I want to talk about three of my favorite things: content, diversity and power. But first, let me frame up the conversation by telling you how I answer when someone asks me what I do for a living.
For people that don't understand our industry at all, I tell them I run an advertising firm (West Cary Group) in Richmond, Virginia. They've at least heard of advertising agencies, even if they don't understand exactly what they do.
For people who are familiar with the business, I say I run an integrated communications firm -- which universally makes them frown and demand more detail. Sometimes I give it to them.
But for the die-hard modern-day marketers -- the new-media faithful if you will -- I tell them I run a content shop. The new-media people get it right away. They know that to market products and services these days, a client may request from us a blog, a web video, a text-message campaign or a widget. And we don't miss a beat. The chief creative officer of my shop and I were doing that long before there was a market for it. Back then we thought we were just strange. Now we're in favor.
There's a lot of power in being able to create content. A friend of mine, Rick Boyko -- managing director of the Brandcenter at Virginia Commonwealth University -- says advertising is popular culture. And he's right. The content we as marketers and advertisers create changes views, builds allegiances, and shapes perceptions on everything from education to finance to the candidates for president of the United States.

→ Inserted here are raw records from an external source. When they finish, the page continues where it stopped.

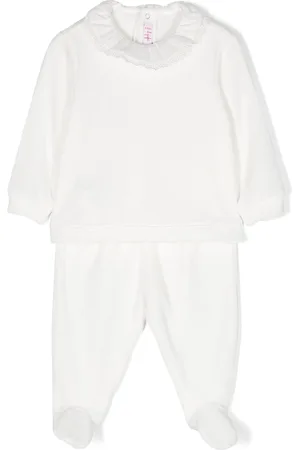 Il gufo Ruffle-collar velvet-effect trousers set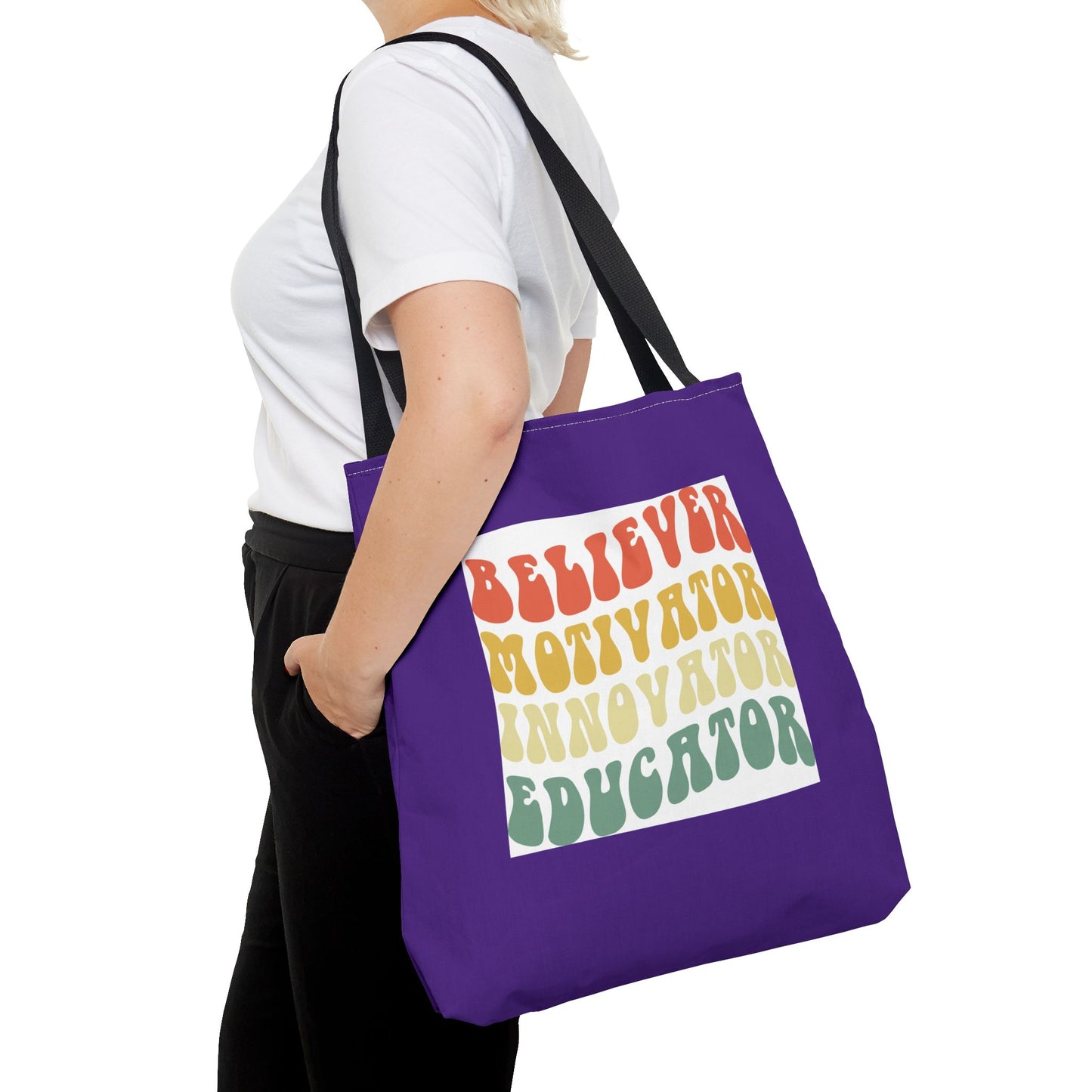 Believer Motivator Innovator Educator Tote Bag (AOP)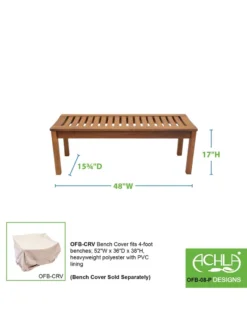 Achla Designs Backless Bench, 4' -Deals The Garden & Yard Store 8612909 04v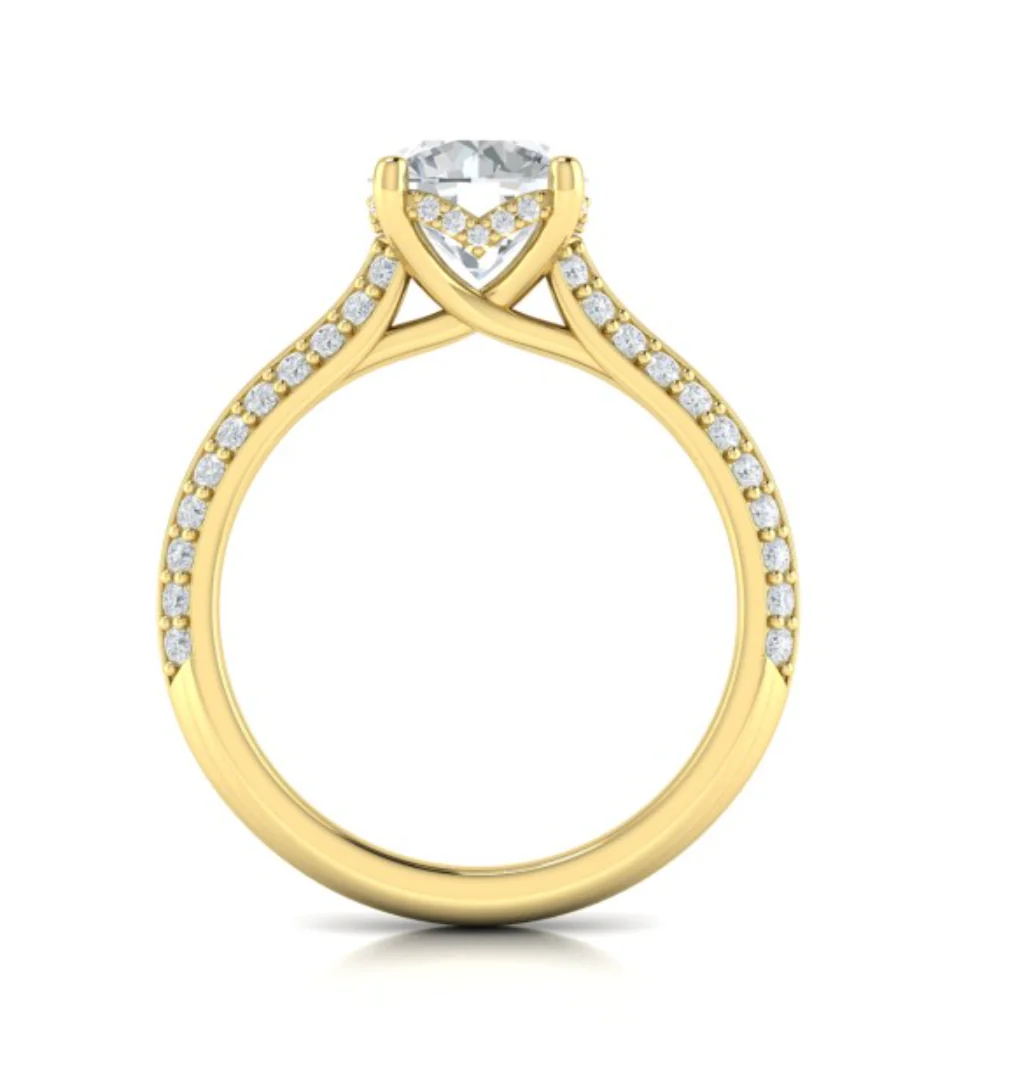 Springer's Forever Select 18K Yellow Gold Round Engagement Ring Mounting - .45ctw - Image 3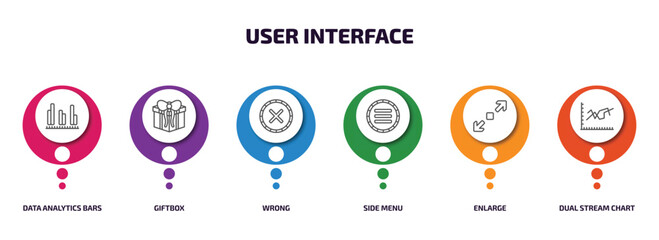 Poster - user interface infographic element with outline icons and 6 step or option. user interface icons suc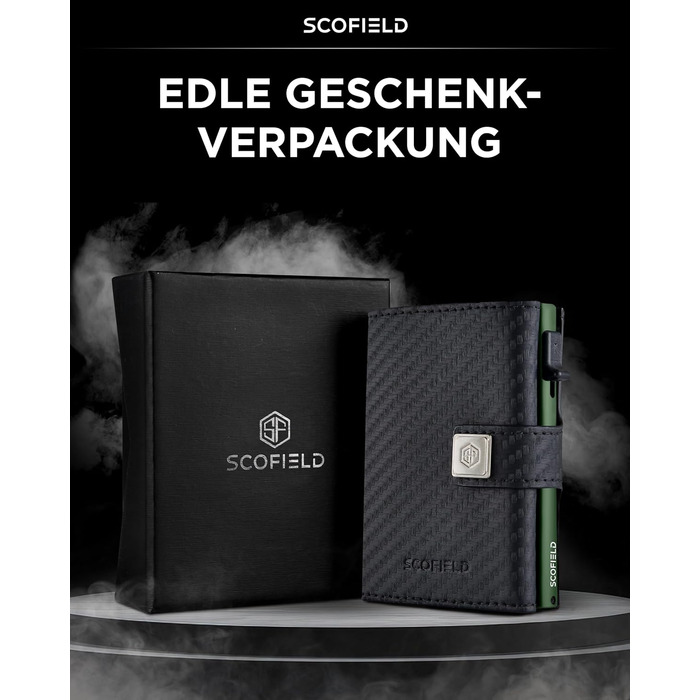 Чоловічий гаманець SF SCOFIELD з відділом для монет | Тонкий гаманець на 9-11 карт | RFID захист | Гаманець з монетницею | Чоловічий гаманець | Розумний гаманець | Чоловіче картхолдер | Slim гаманець | Картхолдер з монетницею Mini (Carbon - Night Green)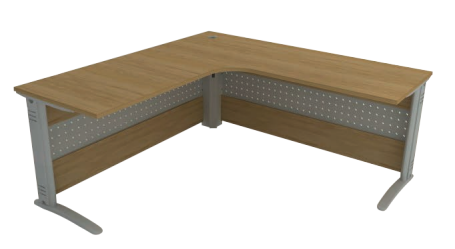 balcão de atendimento em L sem mesanino com saia em ferro e madeira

Now the stakes for content creation are getting higher and the lines of demarcation are starting to blur. There used to be two major types of content -- publishers' (magazines, television shows, radio programs), and the shorter form of content that intermediated or bookended it (i.e., advertisements). Another way to look at it is there used to be content that was typically believed (publisher content) and content that consistently had to punch through an exoskeleton of skepticism (advertising).
But now it's all converging. We the marketers are also becoming the news publishers, the film producers, the Hollywood writers. The content is becoming longer form and organic. And it's being consumed as much for its ability to educate, inform and entertain as it is for its ability to sell.

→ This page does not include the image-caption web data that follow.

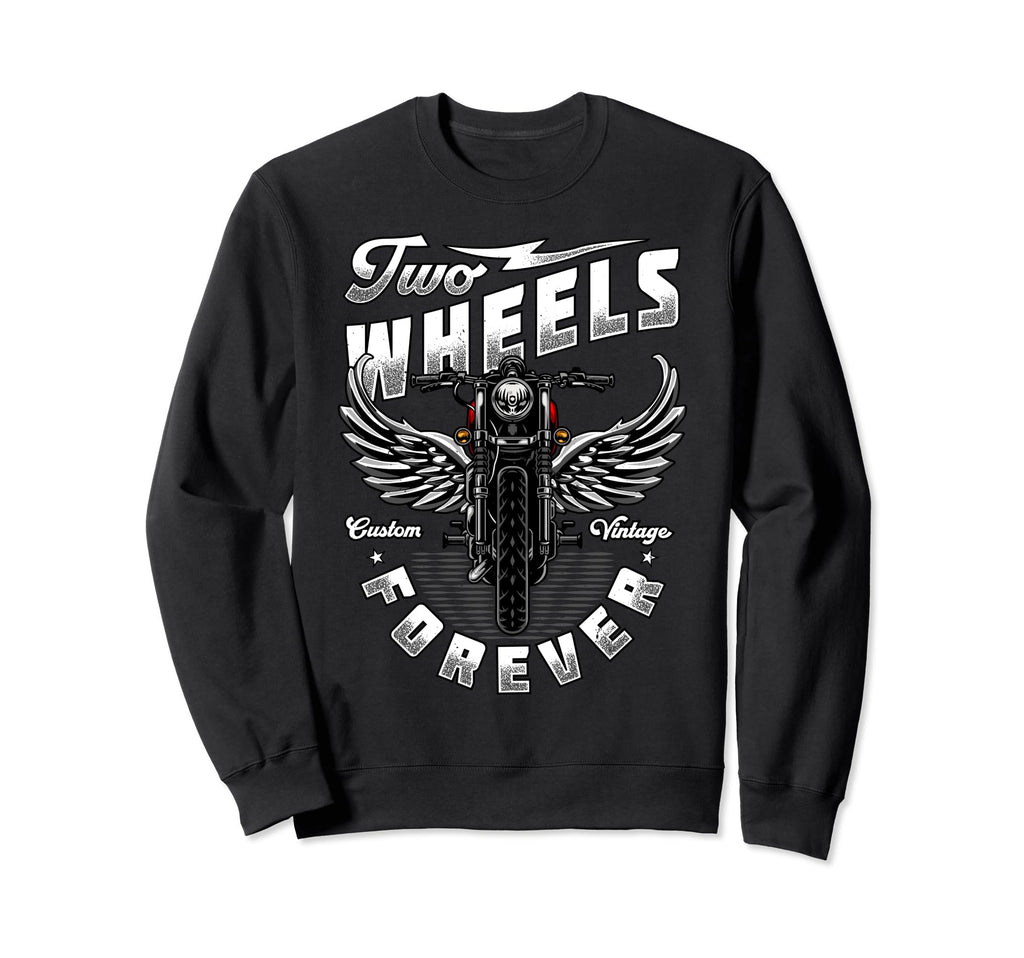 Motorcycle Two Wheels Forever Biker Sweatshirt - Minimalist Print Men Women - T-Shirt, Sweatshirt, Hoodie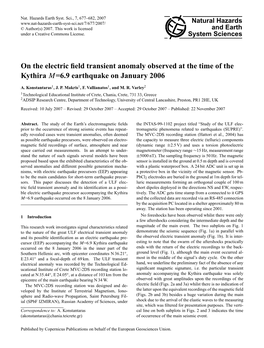 On the Electric Field Transient Anomaly Observed at the Time of the Kythira
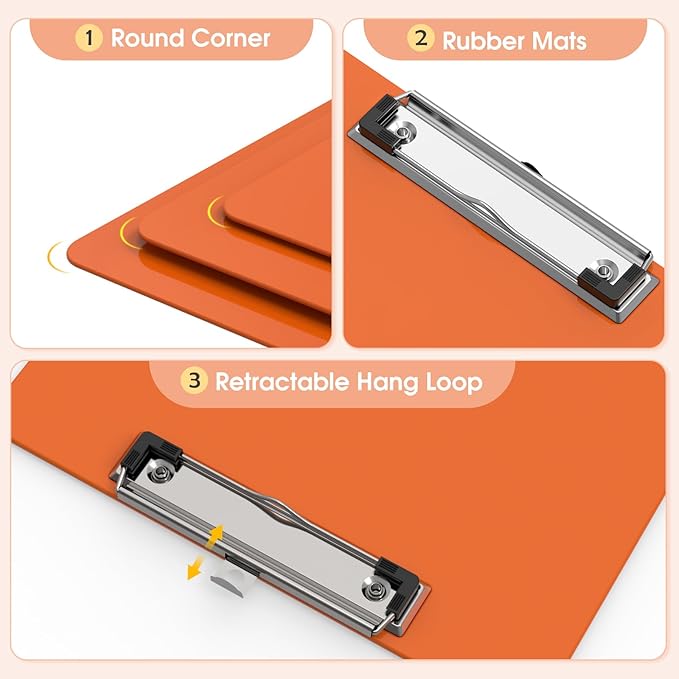 Plastic Clipboards, A4 Orange Clip Board 8.5x11 for Classroom, Students, Kid, Woman, Size 9" x 12.5" with Low Profile Clip, Office & School Supply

So, we've covered content and power -- what about diversity?
Well, for the first time in history, Blacks and other minority groups have unprecedented access in a content movement. We can blog even if our fathers can't get us a job at a hotshot Madison Avenue agency because they don't play golf with the CEO. We can text message our circle of friends even if the media buyer says we don't meet the psychographic profile. And we can start a revolution with alternative news coverage on our websites, even if the banks won't give us a loan for a printing press.

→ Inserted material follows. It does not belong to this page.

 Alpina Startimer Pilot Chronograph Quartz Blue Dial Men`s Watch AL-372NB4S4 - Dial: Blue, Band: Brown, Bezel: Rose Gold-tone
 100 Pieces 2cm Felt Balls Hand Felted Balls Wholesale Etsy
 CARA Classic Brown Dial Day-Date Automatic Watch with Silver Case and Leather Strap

So am I excited about the possibilities? Well, the content landscape is being restructured from beginning to end -- as a marketer and content creator, of course I'm happy. Well, I'm a black marketer. So let me rephrase that. I'm conditionally happy.
I'm happy on the condition that we actively participate in the restructuring. This one's too important, and too attainable to let it pass us by. Everyone who reads this blog can lend a hand in making that happen.
And secondly, I'm happy on the condition that as the potential for our content expands beyond 30 seconds, we not only accept the job, but also the responsibility. That doesn't mean that every piece of content must be a social statement. But as a general rule of thumb, rather than regressing to the mean of stereotypes, denigration and insensitivity that we've seen and occasionally participated in for years, let's use the opportunity we have before us to create content that challenges, uplifts and enlightens. In other words, let's create content that matters.